Director: Herk Harvey    Starring: Candace Hilligoss, Frances Feist, Sidney Berger

I love horror films. Sadly these days a decent scary movie is a rare thing, the majority of them being little more than gore and CGI saturated carnival rides attempting to scare you with cheap theatrics and carnival ghost train tricks. This is all good and well and often results in entertaining enough films but that sort of thing really doesn’t inspire fear and unease in me. Usually it’s a question of atmosphere and ambiguity. For me to find a film in any way sinister it needs both and needs to have a sense that what is unfolding on screen could happen to anyone. Carnival Of Souls certainly sets out with this agenda in mind.

Mary is the sole survivor of a tragic car accident days before she is due to move to another town to take up a position as a church organist. Before long she starts experiencing horrific visions of a corpse-like figure. With a growing sense of paranoia and a fear she is going crazy she consults a local doctor but the visions increase in intensity and seem to be leading her to the abandoned pavillion on the outskirts of town.

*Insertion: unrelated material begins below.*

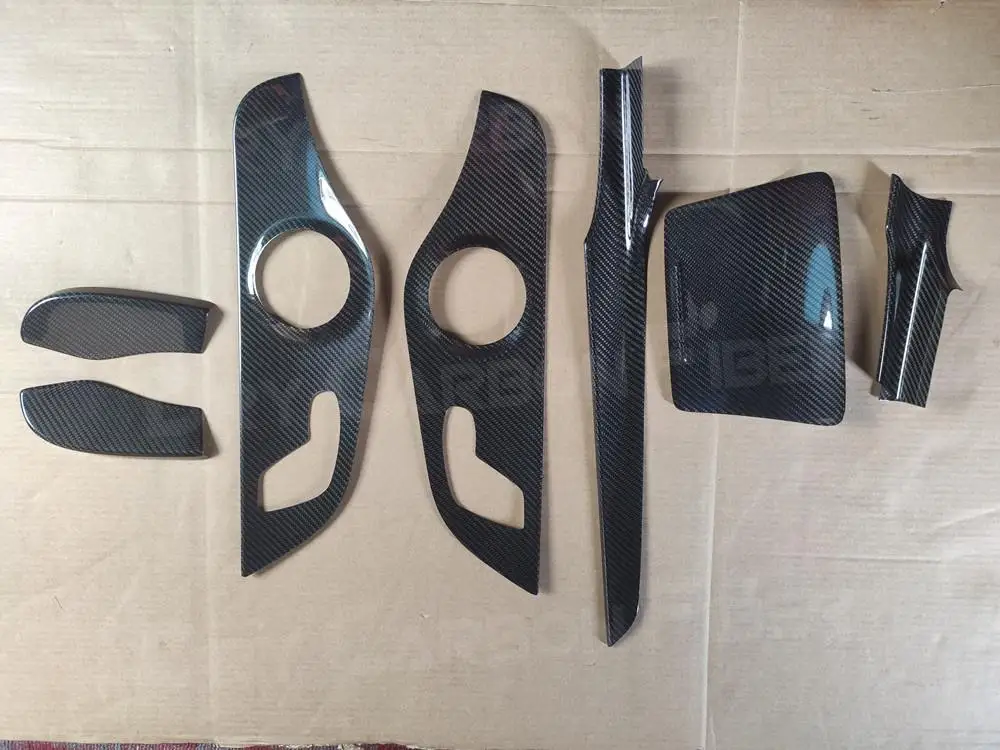 1Set Car-styling Carbon Fiber Interior Dashboard Decoration Trim Cover for Benz C class C205 Coupe 2 Door 2019 up
1Set Car-styling Carbon Fiber Interior Dashboard Decoration Trim Cover for Benz C class C205 Coupe 2 Door 2019 up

It’s an eerie film. Her encounters with the phantom figure are at times quite unsettling and her episodes of altered reality are well executed. The atmosphere is built slowly and effectively, poor Mary being left quite unsure whether she is suffering trauma from the accident, going mad or being genuinely haunted by an honest-to-goodness spirit. As her episodes increase in their intensity she becomes less and less sure of what is real and what is not and sets off to the abandoned carnival to face he fears. Here’s where we get treated to some good old fashioned shocks and scares as Mary wanders the deserted sideshows.

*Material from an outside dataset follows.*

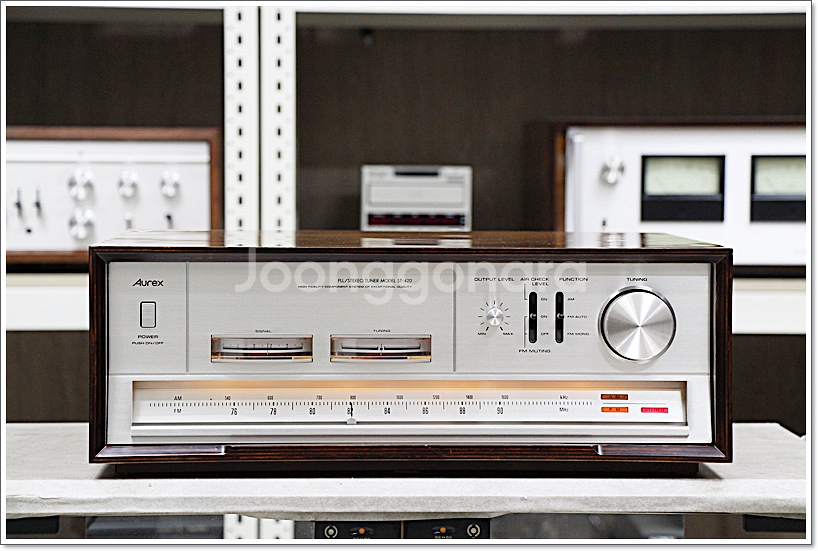 오렉스(일본) A급 아날로그 튜너 모델 ST-420--2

Where it falls down is in the poor production values and bad execution of some of its elements. I’m not one to let the lack of a budget put me off a film, some of my favourite films are shoestring budget masterpieces, but Carnival Of Souls is seriously impaired by its lack of finances. Clearly lacking the ingenuity required to make a budget stretch there are certain elements that are distractingly weak. Take the opening scenes for instance. They obviously had issues with recording sound on the locations for the exterior scenes, the opening scenes all having atrociously re-looped dialogue that sounds like it was recorded in somebody’s bathroom rather than a studio. The make up effects on the spirit figure that plagues Mary are a little underwhelming too, looking more like silent movie makeup than a particularly convincing ghoul effect. I suppose it’s unsettling in its own right but I get the feeling that they could have done better. Admittedly these are relatively minor quibbles, it is after all the ideas that count more than anything and in this film the ideas are of a high calibre. It is a film that is ripe for a remake though, as long as it kept the ideas intact whilst fixing the technical limitations of the original. At least one film springs to mind that is already a remake of sorts but I am reluctant to name it for fear of spoiling either film for anyone who hasn’t seen it.

Setting aside these flaws it is a good example of how to do a horror film without relying on blowtorches and butcher knives and if you are a fan of traditional “ghost story” films (such as Robert Wise’s 1963 version of The Haunting) you will defnitely get a kick out of Carnival of Souls.